Pakistani writer (born 1940)

Muhammad Ayub Sabir was a Pakistani writer and academic better known as a scholar of Muhammad Iqbal. He was awarded the Sitara-i-Imtiaz, Iqbal award and Pride of Performance by the Government of Pakistan for his literary works.

He died on 17 November 2022 in Islamabad.

==Early life and education==
Sabir was born on 2 January 1940 in Haripur, NWFP, British India (now Khyber Pakhtunkhwa, Pakistan). He received his Master of Arts degree in Urdu language from Peshawar University, Peshawar, Pakistan. He obtained an M.Phil. degree in Iqbal studies from Allama Iqbal Open University, Islamabad and a PhD in Urdu language from Punjab University, Lahore.

He had three children, Faiza Khan, a daughter, and two sons, Fahd Ayub and Faiq Ayub. His wife Shirin Ayub is a painting artist.

He lived in Abbottabad and later in Islamabad.

==Academic career==
Sabir researched on Iqbal studies, Urdu language and Islamic philosophy. He had thirty-two years (1963 to 1995) including sixteen years of teaching of post-graduate level at Government Post Graduate College Abbottabad and Allama Iqbal Open University, Islamabad, Pakistan. He served as the head of the department of Iqbal Studies at Allama Iqbal Open University, Islamabad from 2006 to 2008 and as chairman of the Department of Urdu at Government Post Graduate College Abbottabad from 1981 to 1986. He traveled to the United Kingdom for the study and research on Iqbal. He attended and been invited to many conferences in India.

==Books==
His published books include:

===Iqbal studies===

- Iqbal Ki Shakhsiyat Par Etrazāt Ka Jaiza (Critique of Objections to Iqbal's Personality) – 2003
A rebuttal of critical claims against Allama Iqbal’s personality and ideas, based on scholarly review.

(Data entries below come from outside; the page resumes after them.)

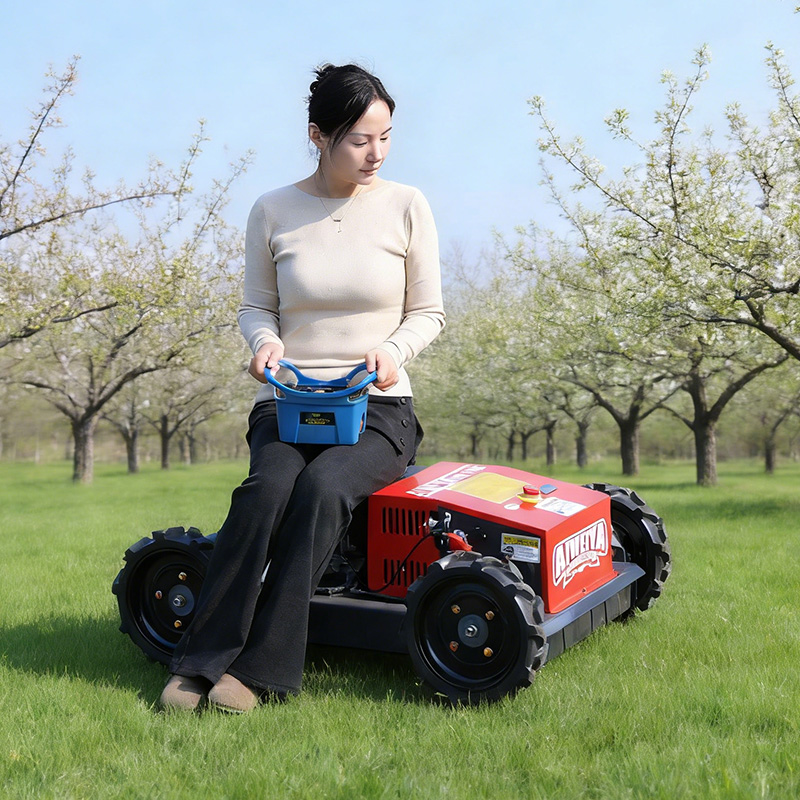 جزازة عشب روبوتية مخصصة للتحكم - مراجعة Hedge Trimmer Cordless وسعره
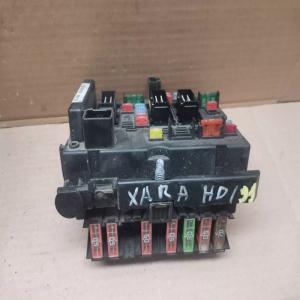 BOITIER BSM DELPHI CITROEN XSARA HDI PEUGEOT 206 307 406 807 REF 9657608780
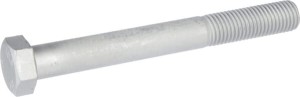 Sworzeń, 4014, 20 x 170 mm
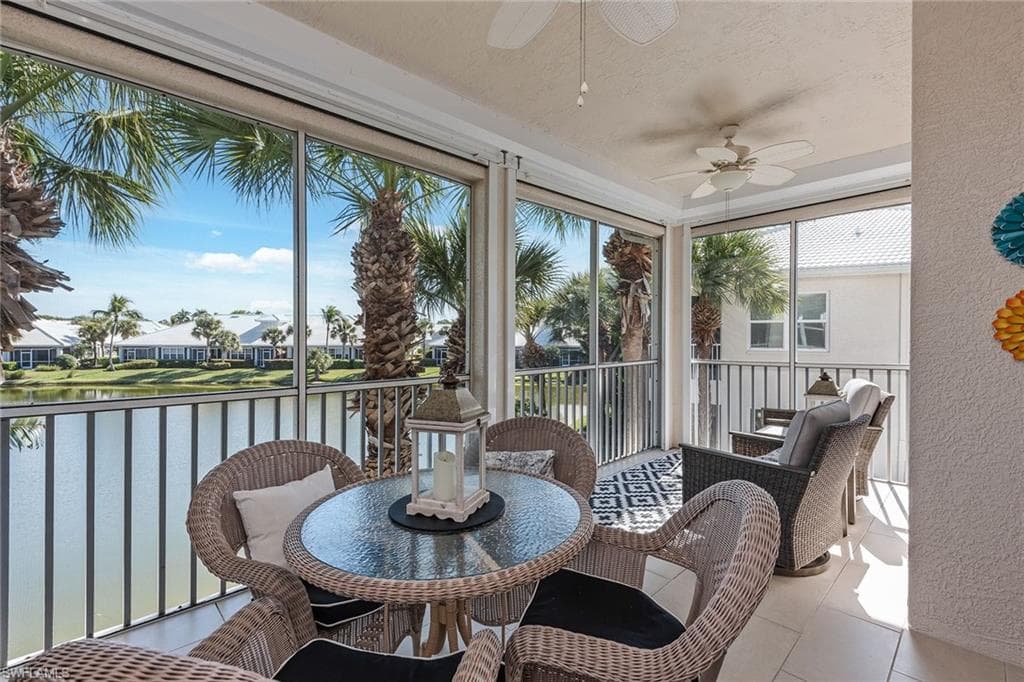 4660 Hawks Nest WAY 204 NAPLES, FL 34114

- Iqbal Dushmani: Ek Mutālā (Hostility Towards Iqbal: A Study) – 1993 (rev. ed. 2022)
Analyzes ideological and political opposition to Allama Iqbal, detailing the motives and arguments of his critics.

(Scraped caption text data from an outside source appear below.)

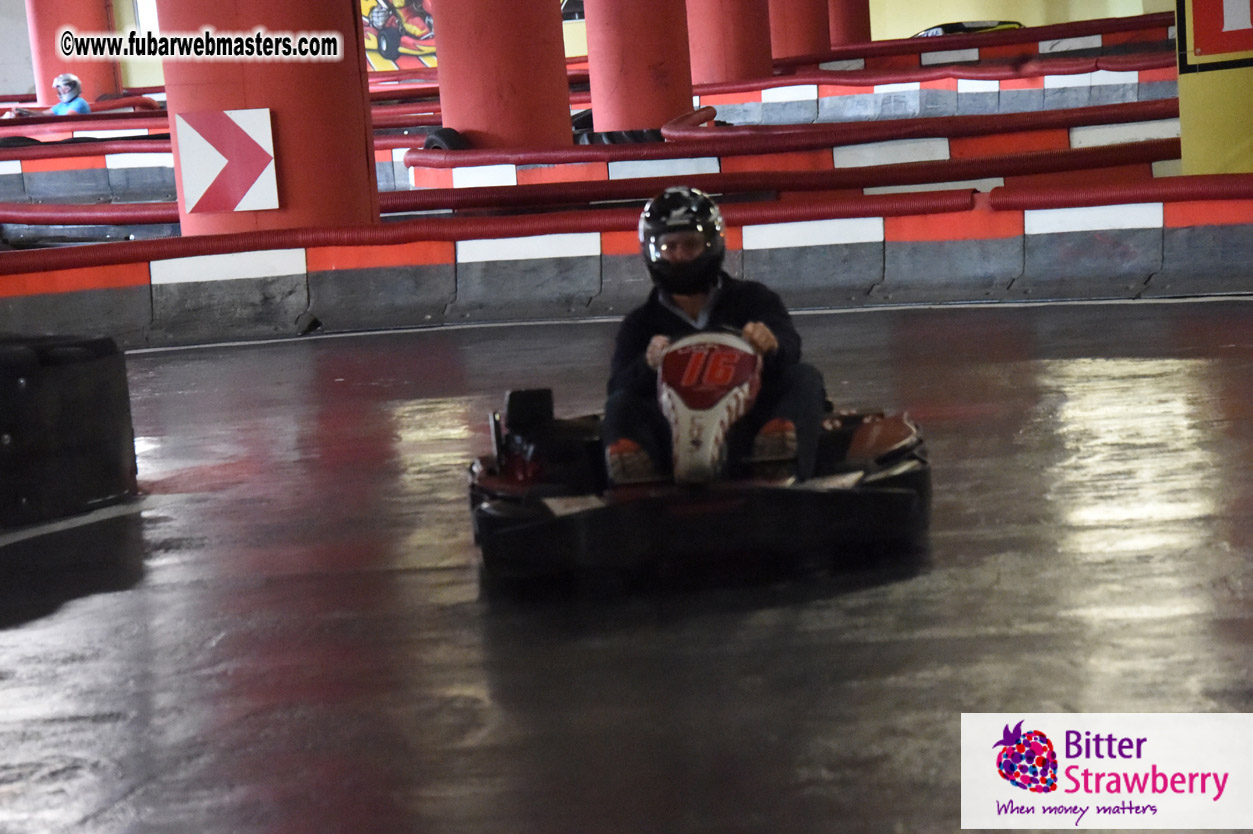 Go-Kart Races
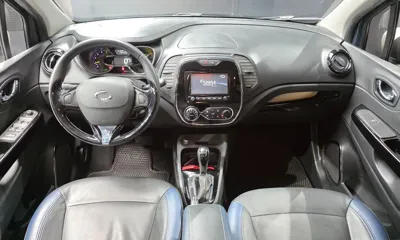Renault-KoreaSamsung QM3 2015, 130802 км, за 4500000 KRW - фото 7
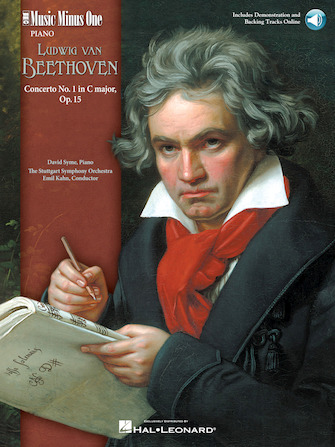 Beethoven – Concerto No. 1 in C Major Op. 15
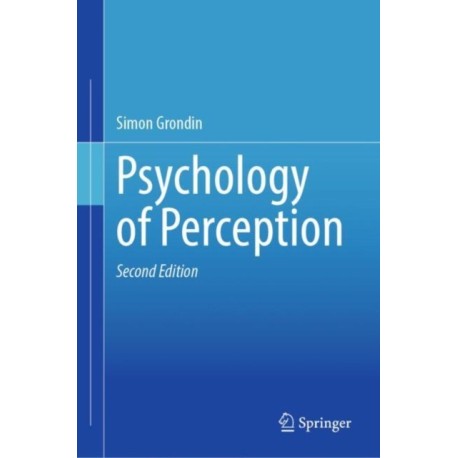 Psychology of Perception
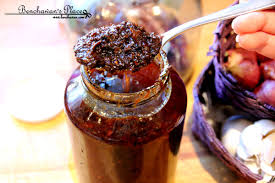 น้ำพริกเผา (ขวด)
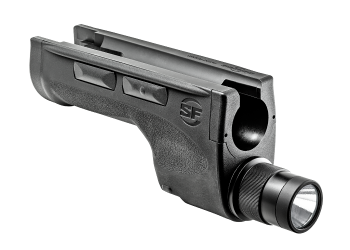 Surefire Surefire DSF-870Ultra-High Two-Output-Mode LED WeaponLight for Remington 870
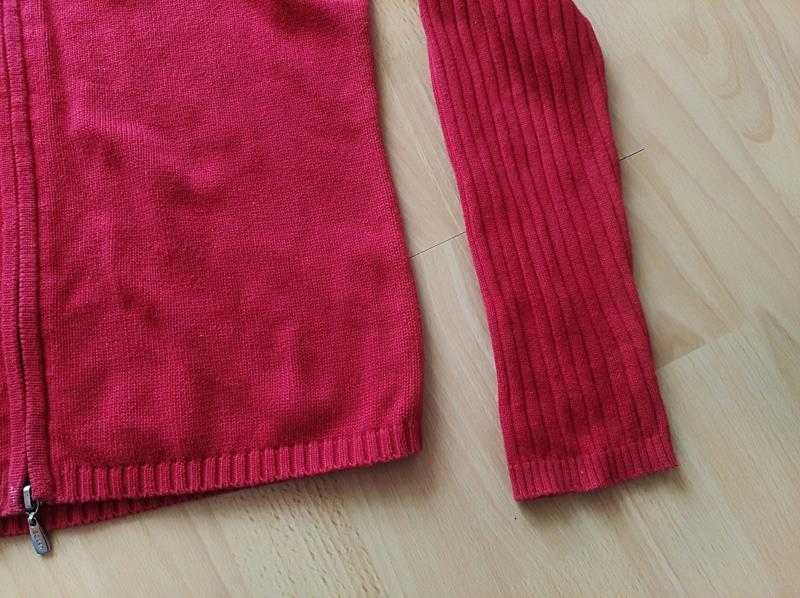 ESPRIT bluza rozpinana męska rozmiar M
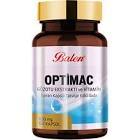 Balen Optimac Gözotu Ekstraktı ve Vitamin 630 mg 60 Kapsül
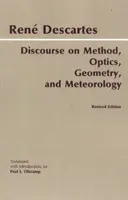 Discurs despre metodă, optică, geometrie și meteorologie - Discourse on Method, Optics, Geometry, and Meteorology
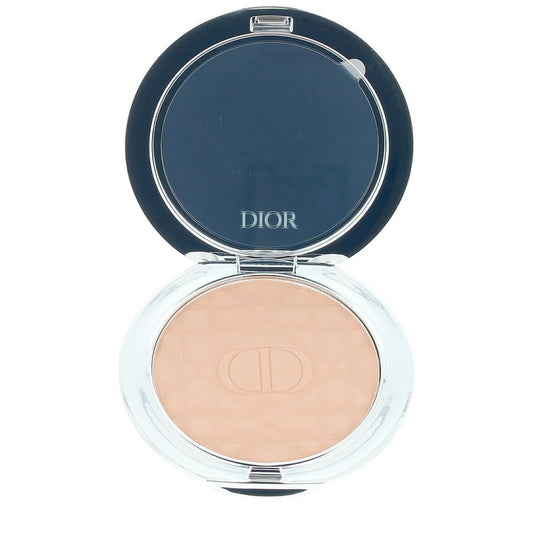 Dior Pó bronzeador forever nude bronzer glow #03-soft 7 gr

- Allāmah Iqbal Ka Tasawwur‑e‑Ijtihād (Allama Iqbal’s Concept of Ijtihad) – 2008
Discusses Iqbal’s approach to Islamic jurisprudence and renewal through independent reasoning (ijtihad).

- Mū’atrizeen‑e‑Iqbal (The Critics of Iqbal) – 2004
A critical study of intellectual opposition to Iqbal, engaging with contemporary and historical critiques.

- Iqbal Ka Urdu Kalām (Iqbal’s Urdu Works) – 2008
Explores Iqbal’s contributions to Urdu poetry and prose, highlighting his linguistic and thematic mastery.

===Language and sociolinguistic studies===

- Āzād Kashmir Mein Nifāz‑e‑Urdu (Implementation of Urdu in Azad Kashmir) – 1984
A sociolinguistic study of Urdu’s institutional role in the Azad Kashmir's education and administration.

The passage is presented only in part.